SQL Help in grouping

  • Hello,

    SQL Server Version 2000

    create table students

    (

    course_id varchar(5),

    course_name varchar(10),

    roll_no varchar(3),

    student_name varchar(40),

    geog_marks varchar(2),

    math_marks varchar(2)

    )

    insert into students values ('1','course1','1','abc','40','')

    insert into students values ('1','course1','2','aaa','40','')

    insert into students values ('1','course1','3','bbb','40','')

    insert into students values ('2','course2','1','abc','','50')

    insert into students values ('2','course2','2','aaa','','50')

    insert into students values ('2','course2','3','bbb','45','')

    insert into students values ('3','course3','1','abc','','50')

    insert into students values ('4','course4','1','abc','45','50')

    insert into students values ('4','course4','2','aaa','45','50')

    insert into students values ('4','course4','3','bbb','45','50')

    insert into students values ('5','course5','1','abc','55','35')

    insert into students values ('5','course5','2','aaa','45','35')

    Above is sample of rows in my table (actually it is not a table, the output of above select * from students is the output of my one query).

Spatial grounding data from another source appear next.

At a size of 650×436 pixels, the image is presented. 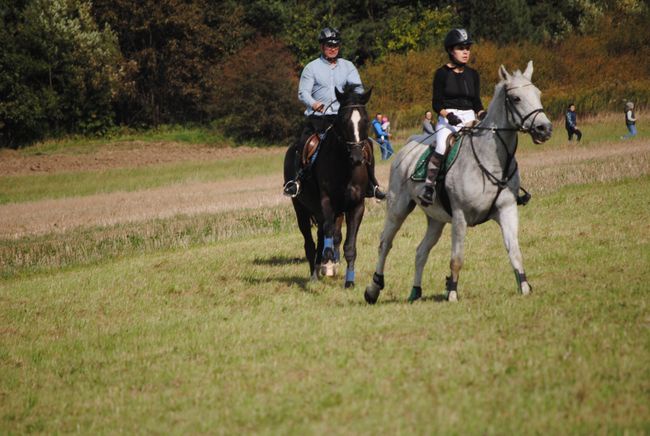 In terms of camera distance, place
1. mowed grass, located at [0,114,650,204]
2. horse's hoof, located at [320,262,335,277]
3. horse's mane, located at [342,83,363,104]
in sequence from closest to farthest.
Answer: horse's mane, located at [342,83,363,104] < horse's hoof, located at [320,262,335,277] < mowed grass, located at [0,114,650,204]

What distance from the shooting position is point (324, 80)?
14.5m

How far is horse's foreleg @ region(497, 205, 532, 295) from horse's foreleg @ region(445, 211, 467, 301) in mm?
451

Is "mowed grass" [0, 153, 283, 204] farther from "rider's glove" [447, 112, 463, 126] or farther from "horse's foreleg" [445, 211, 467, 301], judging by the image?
"horse's foreleg" [445, 211, 467, 301]

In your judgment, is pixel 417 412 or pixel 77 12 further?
pixel 77 12

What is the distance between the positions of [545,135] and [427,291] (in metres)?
3.21

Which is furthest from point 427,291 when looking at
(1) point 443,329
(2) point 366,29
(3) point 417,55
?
(2) point 366,29

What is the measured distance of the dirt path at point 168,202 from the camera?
2642cm

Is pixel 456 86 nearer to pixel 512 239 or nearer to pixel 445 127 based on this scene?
pixel 445 127

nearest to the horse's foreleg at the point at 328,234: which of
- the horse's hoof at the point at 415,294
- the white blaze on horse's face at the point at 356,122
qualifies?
the white blaze on horse's face at the point at 356,122

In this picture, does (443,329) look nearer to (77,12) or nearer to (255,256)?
(255,256)

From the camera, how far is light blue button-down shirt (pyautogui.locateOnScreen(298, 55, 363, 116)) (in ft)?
47.5

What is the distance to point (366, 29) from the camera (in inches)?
2894

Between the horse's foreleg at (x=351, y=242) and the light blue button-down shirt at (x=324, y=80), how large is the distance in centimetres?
172

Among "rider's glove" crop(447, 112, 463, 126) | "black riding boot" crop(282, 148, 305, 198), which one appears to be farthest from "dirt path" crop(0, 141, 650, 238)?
"rider's glove" crop(447, 112, 463, 126) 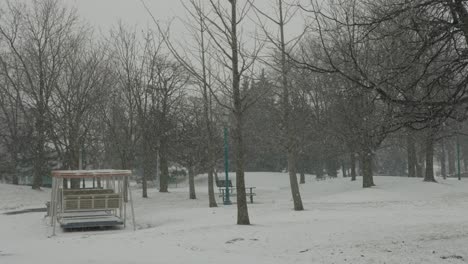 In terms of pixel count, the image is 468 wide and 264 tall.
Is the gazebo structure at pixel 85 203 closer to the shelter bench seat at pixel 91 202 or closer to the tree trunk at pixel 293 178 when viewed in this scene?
the shelter bench seat at pixel 91 202

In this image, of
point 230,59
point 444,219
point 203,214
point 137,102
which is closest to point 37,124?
point 137,102

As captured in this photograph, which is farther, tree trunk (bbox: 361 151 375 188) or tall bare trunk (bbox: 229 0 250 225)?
tree trunk (bbox: 361 151 375 188)

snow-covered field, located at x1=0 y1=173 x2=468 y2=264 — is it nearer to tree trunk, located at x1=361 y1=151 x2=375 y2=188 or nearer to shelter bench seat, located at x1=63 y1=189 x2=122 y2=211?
shelter bench seat, located at x1=63 y1=189 x2=122 y2=211

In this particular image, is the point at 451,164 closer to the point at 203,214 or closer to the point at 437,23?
the point at 203,214

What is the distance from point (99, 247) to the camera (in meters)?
11.4

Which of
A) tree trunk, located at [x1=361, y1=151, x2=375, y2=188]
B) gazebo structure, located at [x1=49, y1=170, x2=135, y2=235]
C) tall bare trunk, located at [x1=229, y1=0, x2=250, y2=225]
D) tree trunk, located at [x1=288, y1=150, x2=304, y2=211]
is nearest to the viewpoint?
tall bare trunk, located at [x1=229, y1=0, x2=250, y2=225]

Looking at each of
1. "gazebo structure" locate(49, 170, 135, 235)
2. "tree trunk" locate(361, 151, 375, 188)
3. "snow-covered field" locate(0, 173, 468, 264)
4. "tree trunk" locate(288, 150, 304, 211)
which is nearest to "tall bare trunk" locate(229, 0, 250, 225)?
"snow-covered field" locate(0, 173, 468, 264)

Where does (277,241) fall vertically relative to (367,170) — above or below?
below

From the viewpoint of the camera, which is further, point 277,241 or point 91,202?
point 91,202

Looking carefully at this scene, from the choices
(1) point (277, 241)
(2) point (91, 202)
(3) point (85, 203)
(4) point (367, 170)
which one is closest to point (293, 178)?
(2) point (91, 202)

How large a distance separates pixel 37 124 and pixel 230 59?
2148cm

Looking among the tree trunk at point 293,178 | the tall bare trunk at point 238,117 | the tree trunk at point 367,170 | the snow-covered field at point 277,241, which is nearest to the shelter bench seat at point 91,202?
the snow-covered field at point 277,241

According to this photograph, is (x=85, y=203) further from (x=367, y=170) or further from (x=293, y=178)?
(x=367, y=170)

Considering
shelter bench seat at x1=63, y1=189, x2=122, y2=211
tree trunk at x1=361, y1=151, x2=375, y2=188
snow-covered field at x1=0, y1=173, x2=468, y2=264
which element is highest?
tree trunk at x1=361, y1=151, x2=375, y2=188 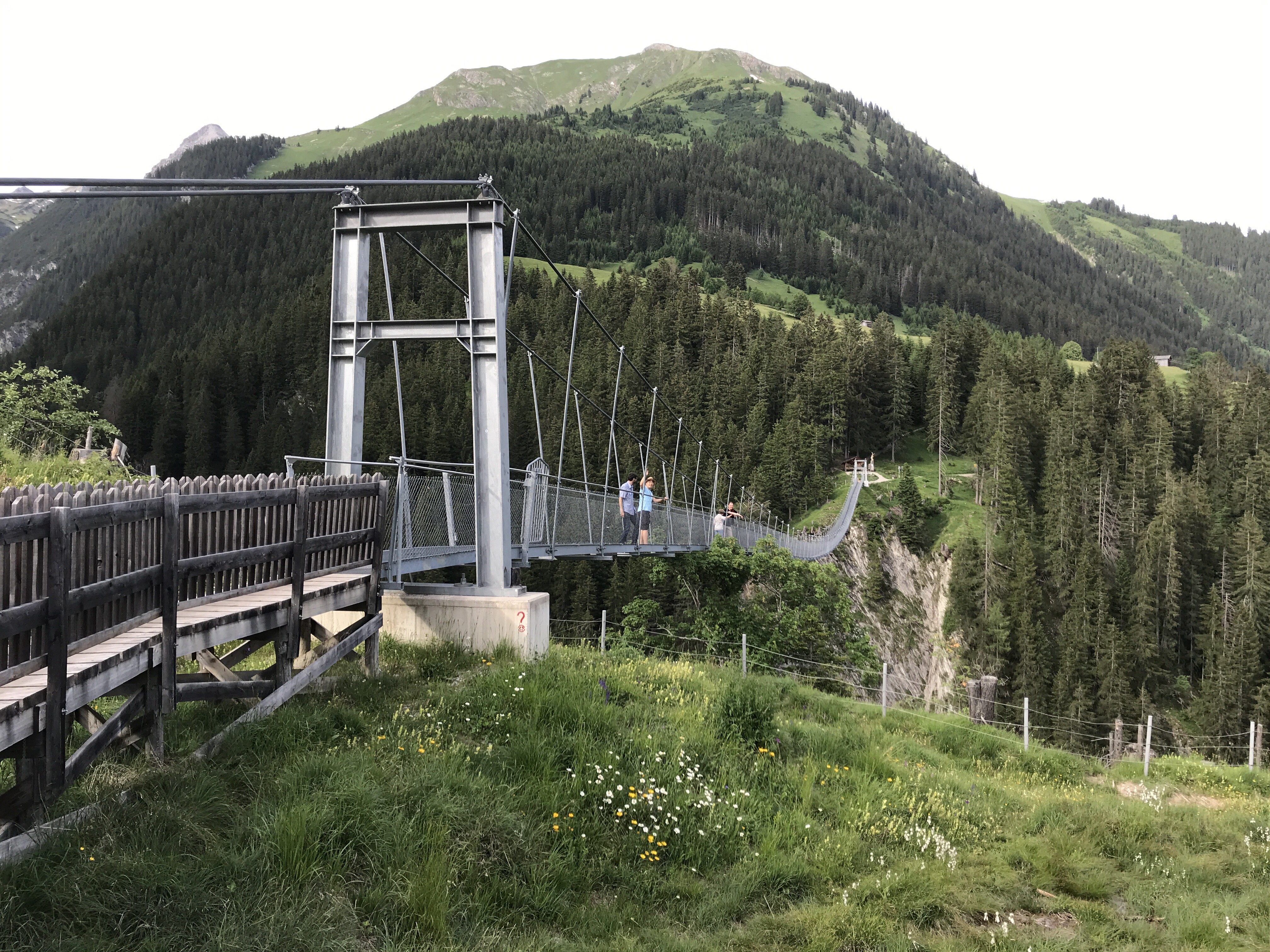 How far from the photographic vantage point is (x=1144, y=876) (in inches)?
263

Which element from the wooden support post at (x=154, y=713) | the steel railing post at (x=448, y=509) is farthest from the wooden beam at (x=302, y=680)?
the steel railing post at (x=448, y=509)

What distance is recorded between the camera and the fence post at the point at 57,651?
136 inches

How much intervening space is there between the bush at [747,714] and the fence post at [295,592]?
3.59 metres

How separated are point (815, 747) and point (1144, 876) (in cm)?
273

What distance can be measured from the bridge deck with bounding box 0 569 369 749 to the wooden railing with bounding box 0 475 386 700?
2.6 inches

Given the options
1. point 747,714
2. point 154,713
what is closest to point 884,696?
point 747,714

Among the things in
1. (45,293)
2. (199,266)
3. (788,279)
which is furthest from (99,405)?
(788,279)

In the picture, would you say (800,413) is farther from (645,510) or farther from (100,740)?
(100,740)

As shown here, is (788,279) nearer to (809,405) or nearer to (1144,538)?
(809,405)

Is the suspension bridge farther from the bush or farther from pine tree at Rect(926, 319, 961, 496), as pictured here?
pine tree at Rect(926, 319, 961, 496)

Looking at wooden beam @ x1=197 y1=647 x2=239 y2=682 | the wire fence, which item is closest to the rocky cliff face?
the wire fence

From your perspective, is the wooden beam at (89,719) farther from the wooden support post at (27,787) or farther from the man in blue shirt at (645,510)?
the man in blue shirt at (645,510)

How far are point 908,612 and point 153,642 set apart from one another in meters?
57.3

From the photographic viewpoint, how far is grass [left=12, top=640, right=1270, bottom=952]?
3.68 metres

I need below output please :

    course_idcourse_namerollnodescriptiongeogmath

    1course11Default40

    2course21Default50

    2course23bbb45

    3course31abc50

    4course41Default4550

    5course51abc5535

    5course52aaa4535

    Logic behind required output :

    1.In course_id 1, all student got 40 marks in geog and no marks in maths, so output should be like above.

    2.In course_id 2, all student except rollno 3 got 50 marks in maths and rollno 3 got 45 (not equal to 50), so for all 2 student there should be "Default" word in description column and for rollno 3, his name and marks in geog subject.

    3.In course_id 3, there is only one student, so no grouping, so simple show of all the info as above.

    4.In course_id 4, all student got same marks in both the subjects, so it will be treated as course_id 1 above.

    5.In course_id 5, two student got different marks in both the subjects, so there are no rows greater than 1 for whom we can use "Default" word, so output should be like above.

    "Default" word will be used only for those rows in which there are more than one row which have same marks in both or any one subject in a course.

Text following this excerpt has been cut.